→ WHAT IS BEING ASKED
Copy exactly, no pictures: every line from the one that contains "Spooky Bichon Frise" through the end of the entries below.

*** Block opens ***

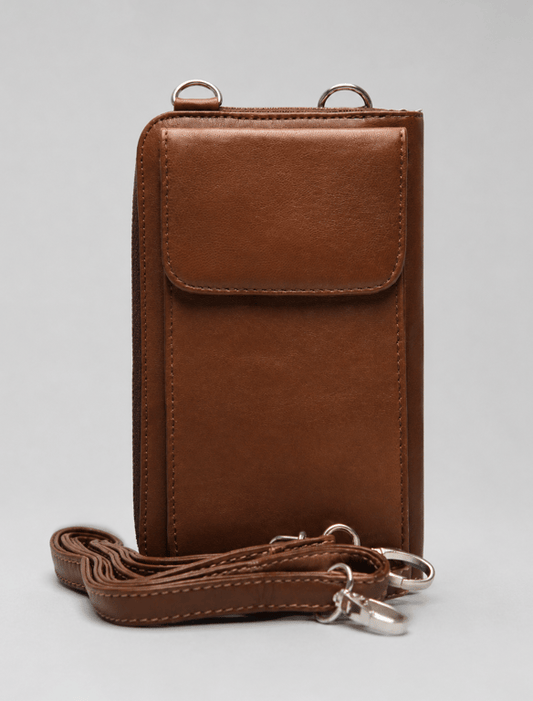 Chestnut Brown Leather Phone Wallet Crossbody Bag – Convertible Multi-Wear Bag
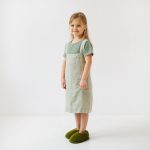 Linen Pinafore Apron for Kids - Sage - Image 4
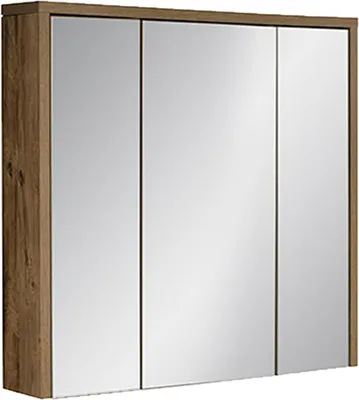 Produktbild von Badezimmerschrank Mit Spiegel 80 Cm, 3 Türen, Eiche Huton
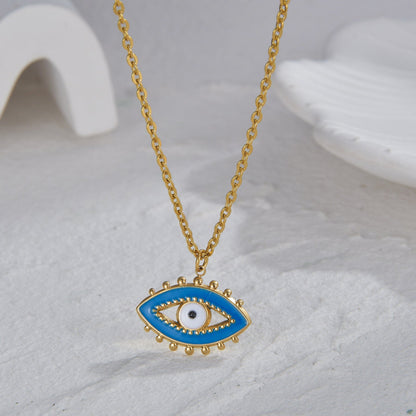 Fashion Devil's Eye Stainless Steel Enamel Plating Inlay Zircon 14k Gold Plated Pendant Necklace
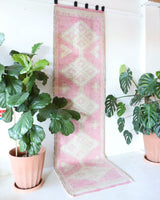 Vintage Turkish runner rug in living room setting, old rug, antique rug, pastel colors, faded colors, Turkish rug, vintage rug, soft rug, Portland, Oregon, rug store, rug shop, local shop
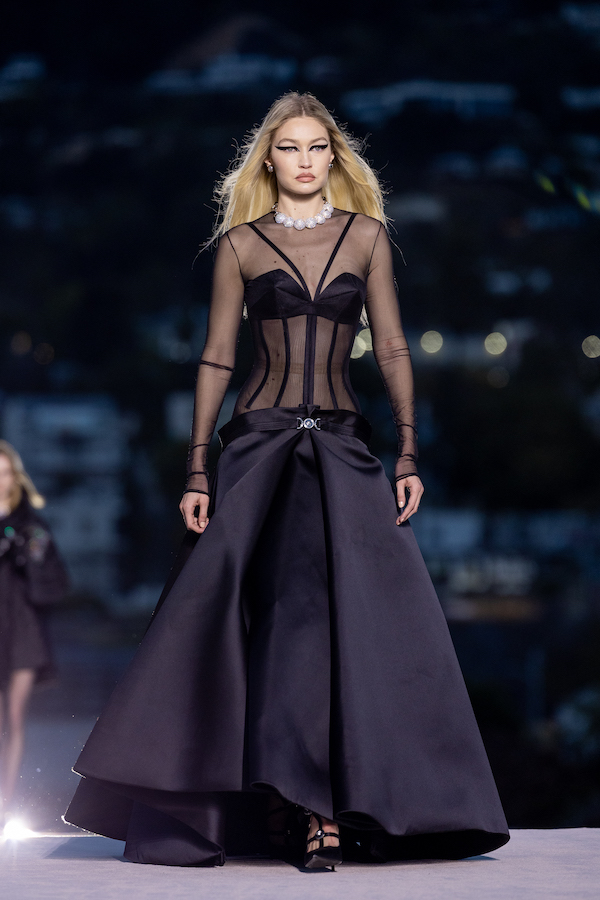 Part-Palestinian model Gigi Hadid walks Versace show in Los Angeles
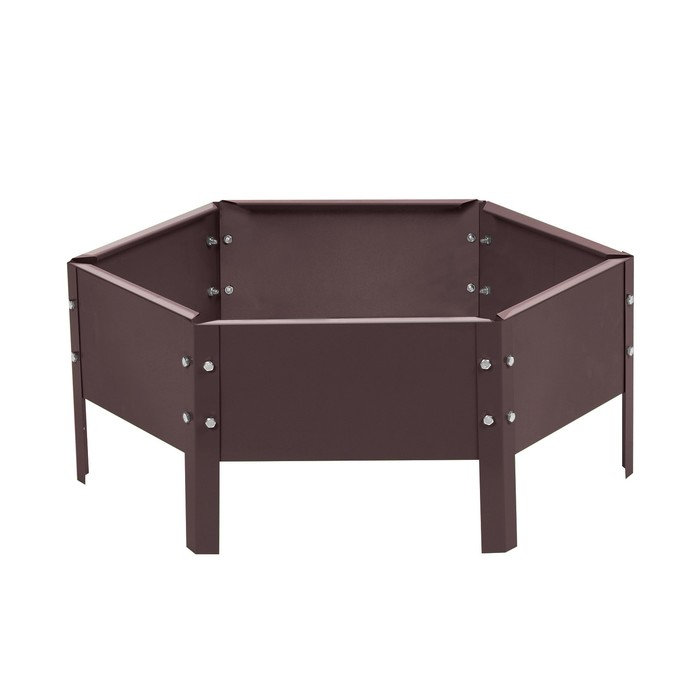 Клумба оцинкованная, d = 60 см, h = 15 см, коричневая, Greengo Клумба оцинкованная, d = 60 см, h = 15 см, коричневая, Greengo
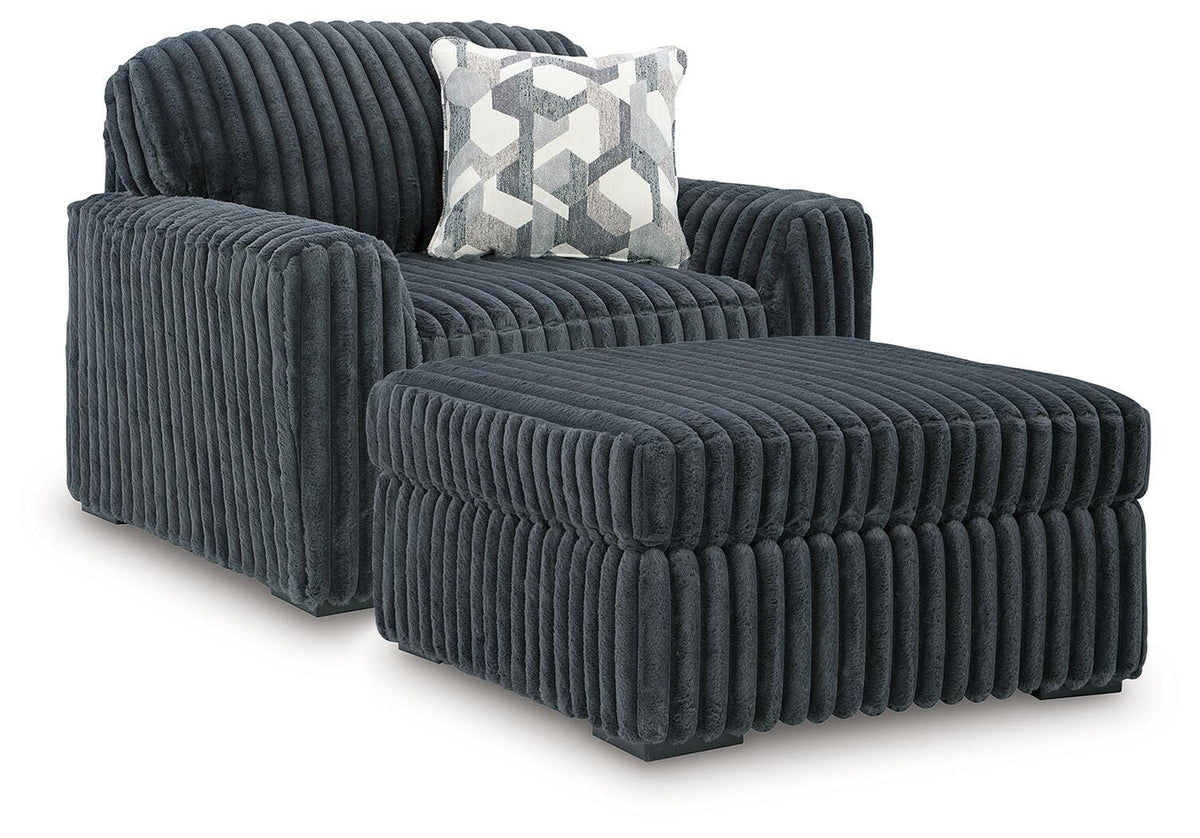 Midnight-Madness Oversized Chair and Ottoman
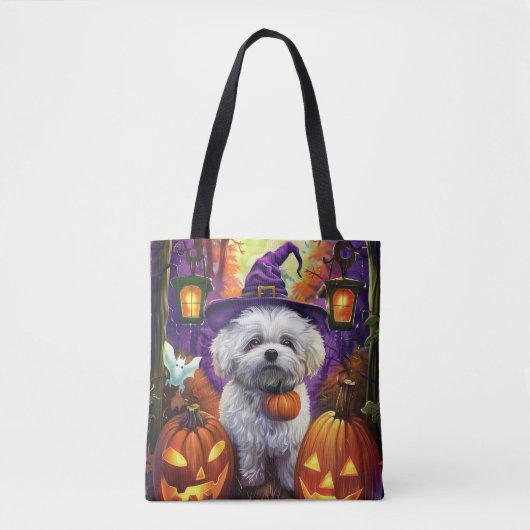 Spooky Bichon Frise Halloween heks en pompoen Tote Bag (Voorkant)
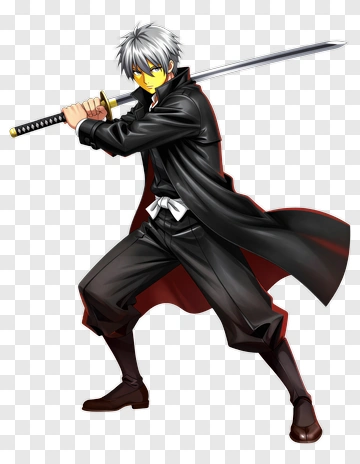 Samurai With Sword In Fighting Stance PNG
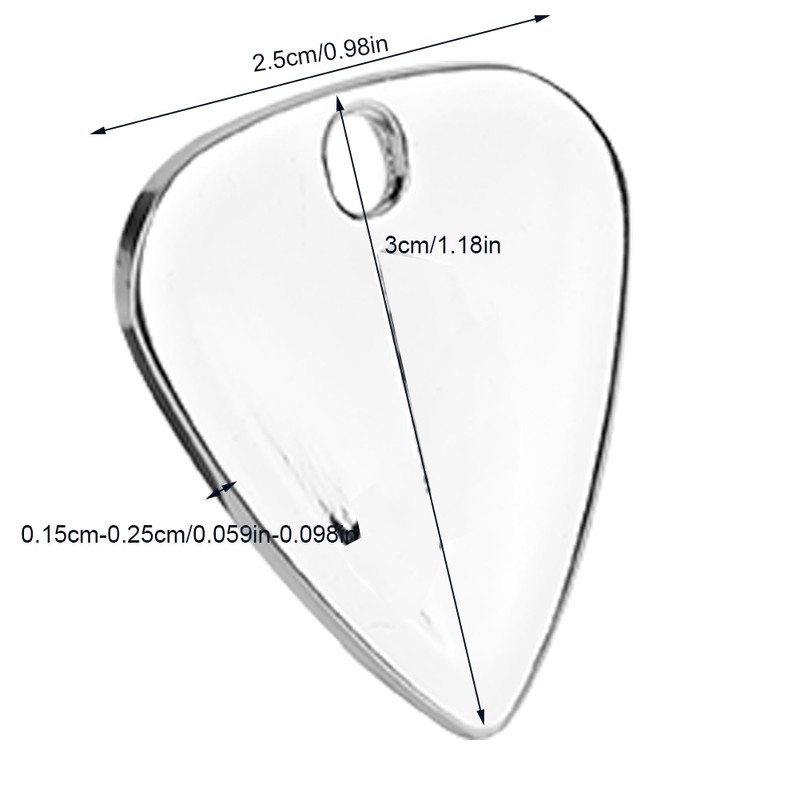 5 Pcs Metal Pick Plectrum for Guitar Musical Instruments Accessory(Silver)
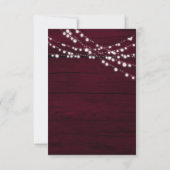 Rustikale, florale Burgundy Wedding RSVP Card Karte (Rückseite)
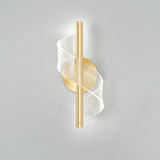 Exquisite Gold Metal Wavy LED Acrylic Wall Sconce Image - 13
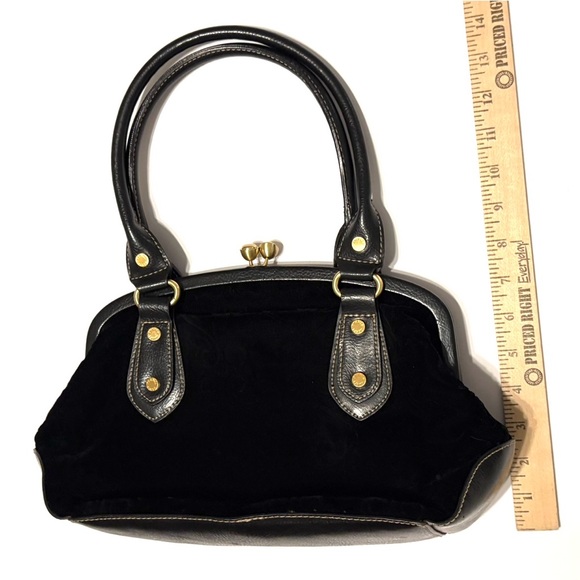 Franco Sarto Black Crushed Velvet Like Handbag Whimsy-Goth Vintage Kiss Lock - Picture 15 of 16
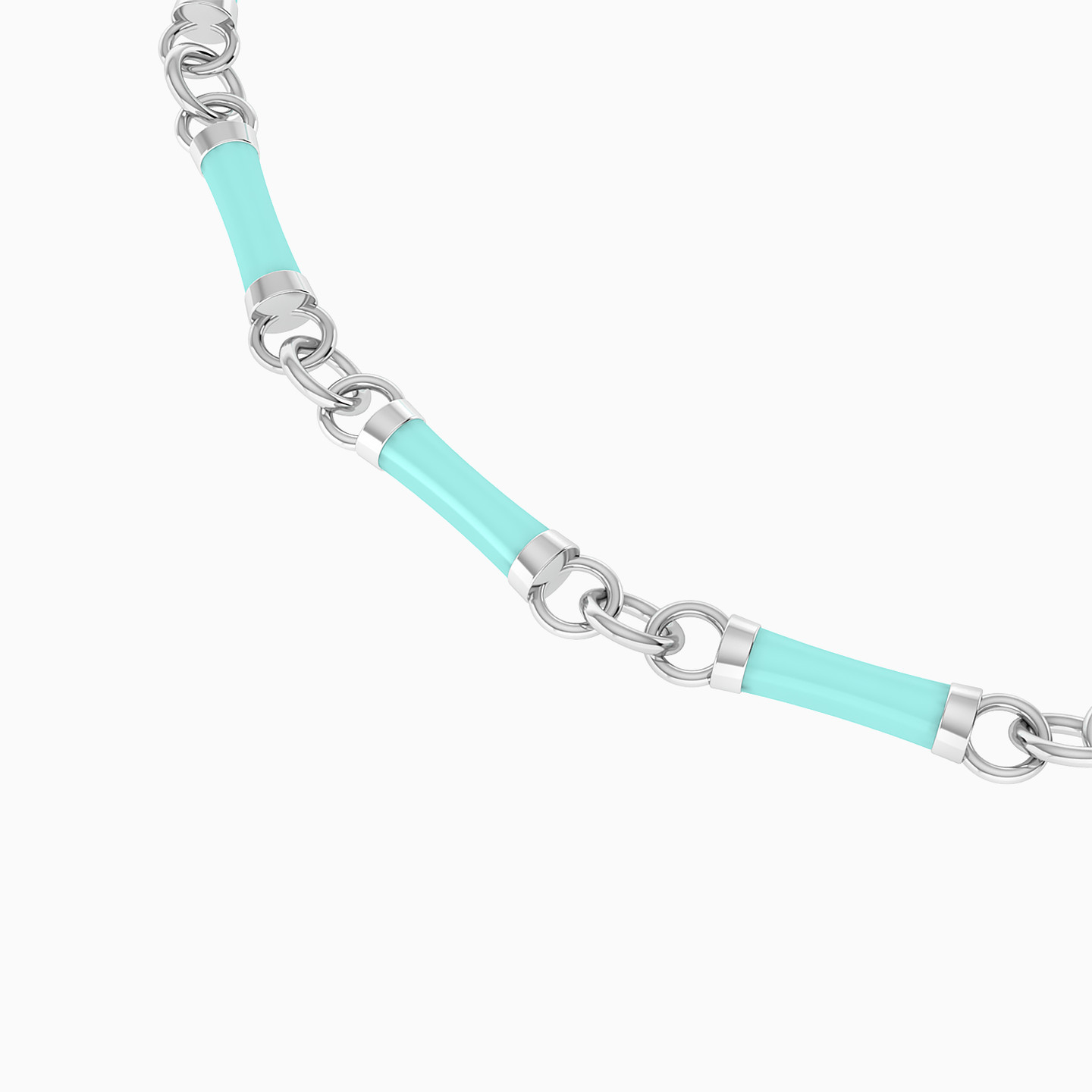 Beaded Chain Bracelet Enamel Coated in Silver - 4 Beaded Chain Bracelet Enamel Coated in Silver - 4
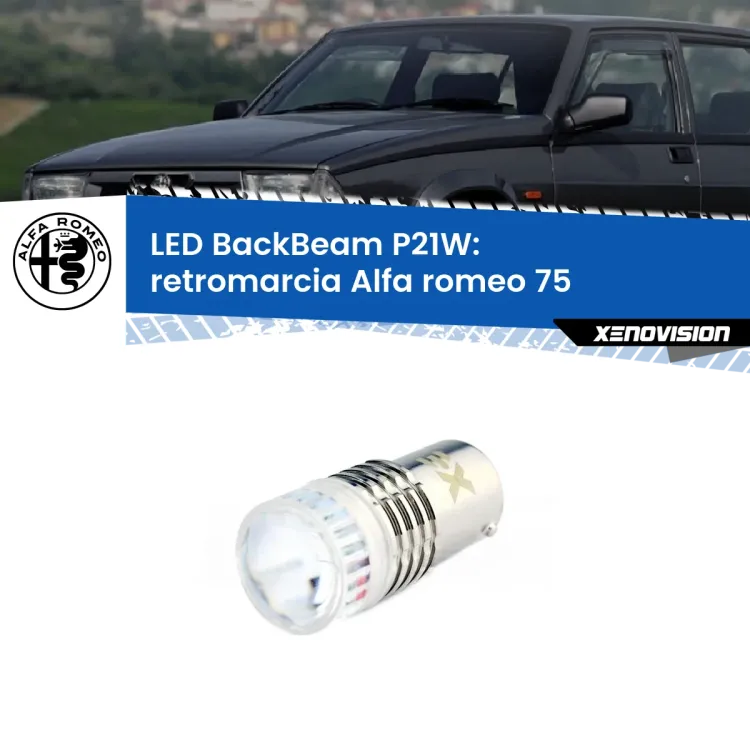0 Retromarcia LED Alfa romeo 75 1985 - 1992: P21W BackBeam <strong>Retromarcia LED per Alfa romeo 75</strong> 1985 - 1992. Lampada <strong>P21W</strong> canbus. Illumina a giorno con questo straordinario cannone LED a luminosità estrema.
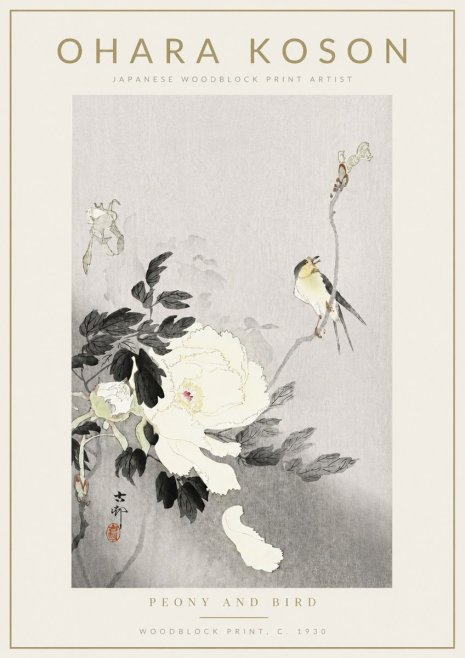 Ohara Koson Peony and Bird No4 - Poszter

*** Block closes ***

→ TASK SOLUTION
 Spooky Bichon Frise Halloween heks en pompoen Tote Bag (Voorkant)
 Samurai With Sword In Fighting Stance PNG
 5 Pcs Metal Pick Plectrum for Guitar Musical Instruments Accessory(Silver)
 Rustikale, florale Burgundy Wedding RSVP Card Karte (Rückseite)
 Exquisite Gold Metal Wavy LED Acrylic Wall Sconce Image - 13
 Franco Sarto Black Crushed Velvet Like Handbag Whimsy-Goth Vintage Kiss Lock - Picture 15 of 16
 Beaded Chain Bracelet Enamel Coated in Silver - 4 Beaded Chain Bracelet Enamel Coated in Silver - 4
0 Retromarcia LED Alfa romeo 75 1985 - 1992: P21W BackBeam <strong>Retromarcia LED per Alfa romeo 75</strong> 1985 - 1992. Lampada <strong>P21W</strong> canbus. Illumina a giorno con questo straordinario cannone LED a luminosità estrema.
 Ohara Koson Peony and Bird No4 - Poszter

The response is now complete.